*** Block opens ***

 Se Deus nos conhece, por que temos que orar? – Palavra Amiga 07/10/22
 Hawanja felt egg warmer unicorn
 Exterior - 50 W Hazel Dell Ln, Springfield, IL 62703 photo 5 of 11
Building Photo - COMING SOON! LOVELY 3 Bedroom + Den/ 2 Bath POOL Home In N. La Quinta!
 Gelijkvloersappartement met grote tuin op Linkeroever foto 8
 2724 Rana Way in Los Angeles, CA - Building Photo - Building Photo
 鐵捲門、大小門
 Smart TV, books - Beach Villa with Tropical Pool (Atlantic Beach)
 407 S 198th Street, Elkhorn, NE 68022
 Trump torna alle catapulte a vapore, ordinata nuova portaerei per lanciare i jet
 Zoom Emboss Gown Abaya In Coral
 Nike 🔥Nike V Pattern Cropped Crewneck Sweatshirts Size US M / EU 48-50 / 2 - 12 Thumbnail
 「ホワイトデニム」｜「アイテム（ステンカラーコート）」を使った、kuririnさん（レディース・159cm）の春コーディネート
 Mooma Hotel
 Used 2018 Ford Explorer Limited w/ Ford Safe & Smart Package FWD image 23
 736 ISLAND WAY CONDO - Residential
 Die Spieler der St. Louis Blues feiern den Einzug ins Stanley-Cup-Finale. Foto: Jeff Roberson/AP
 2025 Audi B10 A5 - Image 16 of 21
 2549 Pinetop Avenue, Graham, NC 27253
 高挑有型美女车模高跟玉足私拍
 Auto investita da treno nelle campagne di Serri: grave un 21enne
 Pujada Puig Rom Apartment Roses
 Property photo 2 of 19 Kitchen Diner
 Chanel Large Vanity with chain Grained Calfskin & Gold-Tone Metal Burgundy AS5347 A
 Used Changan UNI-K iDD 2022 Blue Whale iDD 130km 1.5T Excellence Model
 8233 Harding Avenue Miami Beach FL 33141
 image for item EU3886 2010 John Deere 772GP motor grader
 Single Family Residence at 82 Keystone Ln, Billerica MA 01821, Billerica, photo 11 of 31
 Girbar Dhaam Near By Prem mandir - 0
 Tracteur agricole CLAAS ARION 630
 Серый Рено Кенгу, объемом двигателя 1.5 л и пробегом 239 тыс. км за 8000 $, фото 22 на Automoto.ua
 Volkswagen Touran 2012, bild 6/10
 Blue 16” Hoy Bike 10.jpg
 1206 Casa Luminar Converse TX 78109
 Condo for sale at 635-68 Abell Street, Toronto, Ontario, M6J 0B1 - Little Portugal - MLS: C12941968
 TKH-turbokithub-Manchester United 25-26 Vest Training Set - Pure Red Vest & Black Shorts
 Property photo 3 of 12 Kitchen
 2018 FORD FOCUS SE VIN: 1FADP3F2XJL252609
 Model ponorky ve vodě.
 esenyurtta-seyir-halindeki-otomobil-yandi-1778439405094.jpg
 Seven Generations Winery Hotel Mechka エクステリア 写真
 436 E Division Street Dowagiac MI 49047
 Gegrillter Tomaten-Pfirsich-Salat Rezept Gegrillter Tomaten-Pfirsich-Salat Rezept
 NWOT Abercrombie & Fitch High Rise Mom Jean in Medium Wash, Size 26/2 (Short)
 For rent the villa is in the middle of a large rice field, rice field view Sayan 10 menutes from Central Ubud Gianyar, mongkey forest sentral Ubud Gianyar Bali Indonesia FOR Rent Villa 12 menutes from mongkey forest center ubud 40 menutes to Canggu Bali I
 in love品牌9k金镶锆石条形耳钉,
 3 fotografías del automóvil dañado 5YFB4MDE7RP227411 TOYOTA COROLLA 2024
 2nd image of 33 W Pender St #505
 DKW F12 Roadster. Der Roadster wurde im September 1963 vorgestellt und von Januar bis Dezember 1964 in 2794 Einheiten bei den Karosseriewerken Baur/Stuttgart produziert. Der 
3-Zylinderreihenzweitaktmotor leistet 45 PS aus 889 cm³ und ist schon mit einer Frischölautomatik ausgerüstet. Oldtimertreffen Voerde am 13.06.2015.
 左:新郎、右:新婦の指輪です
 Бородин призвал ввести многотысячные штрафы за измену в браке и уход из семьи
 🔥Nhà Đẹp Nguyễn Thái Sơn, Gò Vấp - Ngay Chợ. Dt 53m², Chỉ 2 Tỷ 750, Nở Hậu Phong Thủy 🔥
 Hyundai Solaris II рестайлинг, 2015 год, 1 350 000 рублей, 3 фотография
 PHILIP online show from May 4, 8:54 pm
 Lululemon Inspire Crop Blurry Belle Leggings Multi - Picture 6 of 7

*** Block closes ***

- _Work instructions_: An exact copy of the listing above is all the answer should hold.

- _Response to this task_:
 Se Deus nos conhece, por que temos que orar? – Palavra Amiga 07/10/22
 Hawanja felt egg warmer unicorn
 Exterior - 50 W Hazel Dell Ln, Springfield, IL 62703 photo 5 of 11
Building Photo - COMING SOON! LOVELY 3 Bedroom + Den/ 2 Bath POOL Home In N. La Quinta!
 Gelijkvloersappartement met grote tuin op Linkeroever foto 8
 2724 Rana Way in Los Angeles, CA - Building Photo - Building Photo
 鐵捲門、大小門
 Smart TV, books - Beach Villa with Tropical Pool (Atlantic Beach)
 407 S 198th Street, Elkhorn, NE 68022
 Trump torna alle catapulte a vapore, ordinata nuova portaerei per lanciare i jet
 Zoom Emboss Gown Abaya In Coral
 Nike 🔥Nike V Pattern Cropped Crewneck Sweatshirts Size US M / EU 48-50 / 2 - 12 Thumbnail
 「ホワイトデニム」｜「アイテム（ステンカラーコート）」を使った、kuririnさん（レディース・159cm）の春コーディネート
 Mooma Hotel
 Used 2018 Ford Explorer Limited w/ Ford Safe & Smart Package FWD image 23
 736 ISLAND WAY CONDO - Residential
 Die Spieler der St. Louis Blues feiern den Einzug ins Stanley-Cup-Finale. Foto: Jeff Roberson/AP
 2025 Audi B10 A5 - Image 16 of 21
 2549 Pinetop Avenue, Graham, NC 27253
 高挑有型美女车模高跟玉足私拍
 Auto investita da treno nelle campagne di Serri: grave un 21enne
 Pujada Puig Rom Apartment Roses
 Property photo 2 of 19 Kitchen Diner
 Chanel Large Vanity with chain Grained Calfskin & Gold-Tone Metal Burgundy AS5347 A
 Used Changan UNI-K iDD 2022 Blue Whale iDD 130km 1.5T Excellence Model
 8233 Harding Avenue Miami Beach FL 33141
 image for item EU3886 2010 John Deere 772GP motor grader
 Single Family Residence at 82 Keystone Ln, Billerica MA 01821, Billerica, photo 11 of 31
 Girbar Dhaam Near By Prem mandir - 0
 Tracteur agricole CLAAS ARION 630
 Серый Рено Кенгу, объемом двигателя 1.5 л и пробегом 239 тыс. км за 8000 $, фото 22 на Automoto.ua
 Volkswagen Touran 2012, bild 6/10
 Blue 16” Hoy Bike 10.jpg
 1206 Casa Luminar Converse TX 78109
 Condo for sale at 635-68 Abell Street, Toronto, Ontario, M6J 0B1 - Little Portugal - MLS: C12941968
 TKH-turbokithub-Manchester United 25-26 Vest Training Set - Pure Red Vest & Black Shorts
 Property photo 3 of 12 Kitchen
 2018 FORD FOCUS SE VIN: 1FADP3F2XJL252609
 Model ponorky ve vodě.
 esenyurtta-seyir-halindeki-otomobil-yandi-1778439405094.jpg
 Seven Generations Winery Hotel Mechka エクステリア 写真
 436 E Division Street Dowagiac MI 49047
 Gegrillter Tomaten-Pfirsich-Salat Rezept Gegrillter Tomaten-Pfirsich-Salat Rezept
 NWOT Abercrombie & Fitch High Rise Mom Jean in Medium Wash, Size 26/2 (Short)
 For rent the villa is in the middle of a large rice field, rice field view Sayan 10 menutes from Central Ubud Gianyar, mongkey forest sentral Ubud Gianyar Bali Indonesia FOR Rent Villa 12 menutes from mongkey forest center ubud 40 menutes to Canggu Bali I
 in love品牌9k金镶锆石条形耳钉,
 3 fotografías del automóvil dañado 5YFB4MDE7RP227411 TOYOTA COROLLA 2024
 2nd image of 33 W Pender St #505
 DKW F12 Roadster. Der Roadster wurde im September 1963 vorgestellt und von Januar bis Dezember 1964 in 2794 Einheiten bei den Karosseriewerken Baur/Stuttgart produziert. Der 
3-Zylinderreihenzweitaktmotor leistet 45 PS aus 889 cm³ und ist schon mit einer Frischölautomatik ausgerüstet. Oldtimertreffen Voerde am 13.06.2015.
 左:新郎、右:新婦の指輪です
 Бородин призвал ввести многотысячные штрафы за измену в браке и уход из семьи
 🔥Nhà Đẹp Nguyễn Thái Sơn, Gò Vấp - Ngay Chợ. Dt 53m², Chỉ 2 Tỷ 750, Nở Hậu Phong Thủy 🔥
 Hyundai Solaris II рестайлинг, 2015 год, 1 350 000 рублей, 3 фотография
 PHILIP online show from May 4, 8:54 pm
 Lululemon Inspire Crop Blurry Belle Leggings Multi - Picture 6 of 7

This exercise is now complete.